Exploring these uncharted waters takes innovation, and DARPA is looking at some interesting specifications for the NOMARS program with two research tracks.
“By removing the human element from all ship design considerations, the program intends to demonstrate significant advantages, to include size, cost, at-sea reliability, survivability to sea-state, and survivability to adversary actions such as stealth considerations and resistance to tampering,” the NOMARS program description reads.
On December 20, 2019, Breaking Defense reported that the White House Office of Management and Budget (OMB) had “instructed the Navy to come up with a plan ‘to achieve a 355-ship combined fleet, including manned and unmanned ships, by 2030.’
“To help the service boost the size of the fleet, OMB also ordered the Pentagon to ‘submit a legislative proposal to redefine a battleforce ship to include unmanned ships, complete with clearly defined capability and performance thresholds to define a ship’s inclusion in the overall battleforce ship count.'”
The legislative proposal would ultimately have to be approved by Congress.
The Pentagon’s 2020 Defense Budget Overview reported that $3.7 million was budgeted to invest in Unmanned/Autonomous technology that “Enhances freedom of maneuver and lethality in contested environments through development of offensive-armed Unmanned Surface Vessel, Unmanned Undersea Vehicle, and Autonomous Logistics Platforms.”
The Pentagon’s investment into Unmanned Surface Vessels, paired with increased investment in long-range maritime munitions, “represents a paradigm shift towards a more balanced, distributed, lethal, survivable, and cost-imposing naval force that will better exploit adversary weaknesses and project power into contested environments,” according to the report.
Breaking Defense added, “The 2020 defense budget provides $407 million for the Navy to buy large unmanned surface vessels, but does not allow the service to arm them with missile-carrying vertical launch systems just yet.”

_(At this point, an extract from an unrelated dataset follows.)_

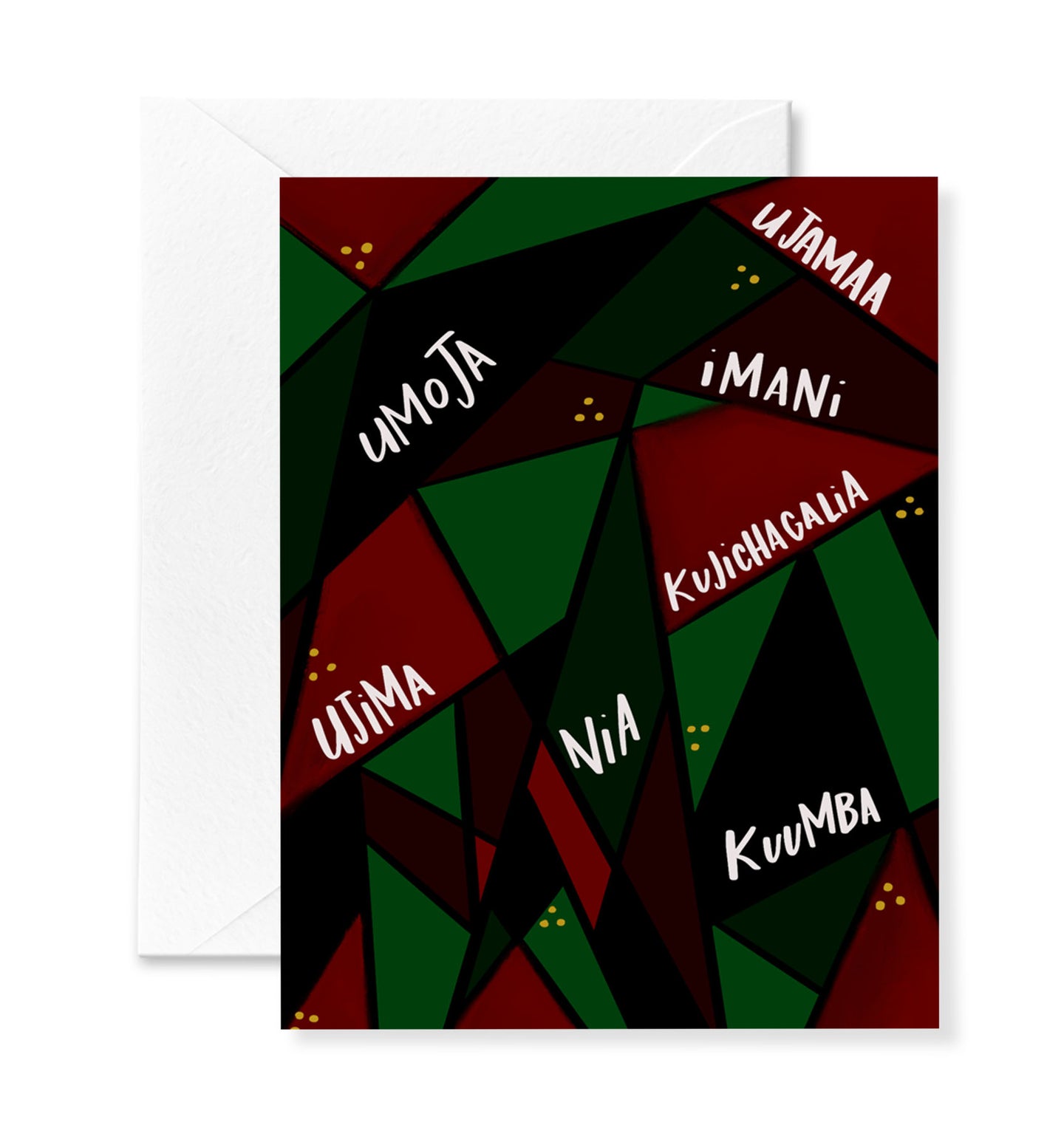 Kwanzaa Principles Card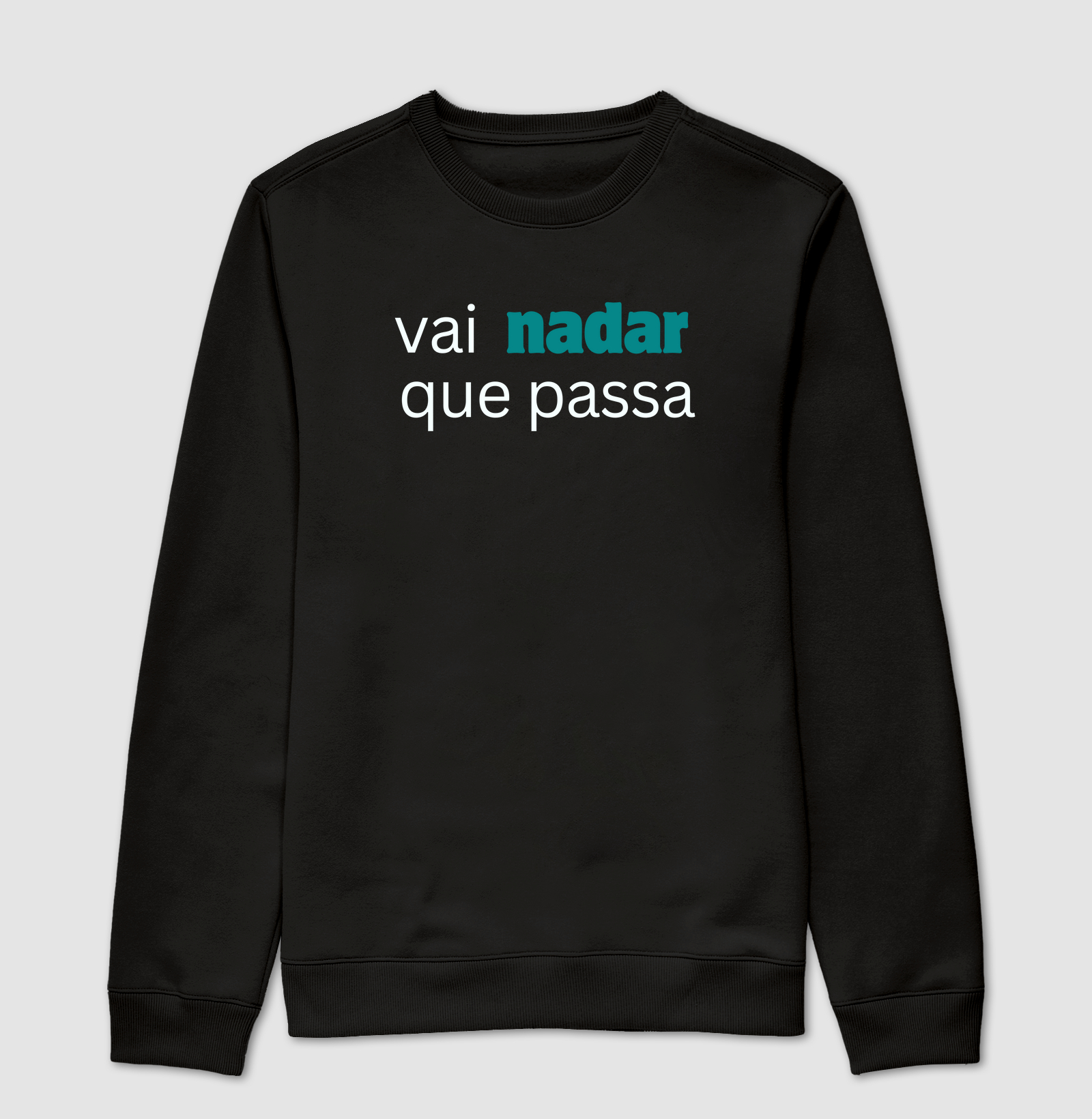 Vai nadar que passa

Nowhere in the NOMARS program description does DARPA say what the unmanned vessels will be used for, which could be anything from surveillance and reconnaissance to possibly even combat.
As it stands, NOMARS will focus on exploring novel approaches to the design of the seaframe (the ship without mission systems) while accommodating representative payload size, weight, and power.
Perhaps some day this technology could also be used for scientific study and academic exploration as many technologies researched and developed at DARPA later become publicly available after first going through military and intelligence use.
In 2016 DARPA successfully completed its Anti-Submarine Warfare (ASW) Continuous Trail Unmanned Vessel (ACTUV) program and officially transferred the technology demonstration vessel, christened Sea Hunter, to the Office of Naval Research (ONR).
An April 2016 christening ceremony marked the vessel’s formal transition from a DARPA-led design and construction project to a new stage of open-water testing conducted jointly with ONR.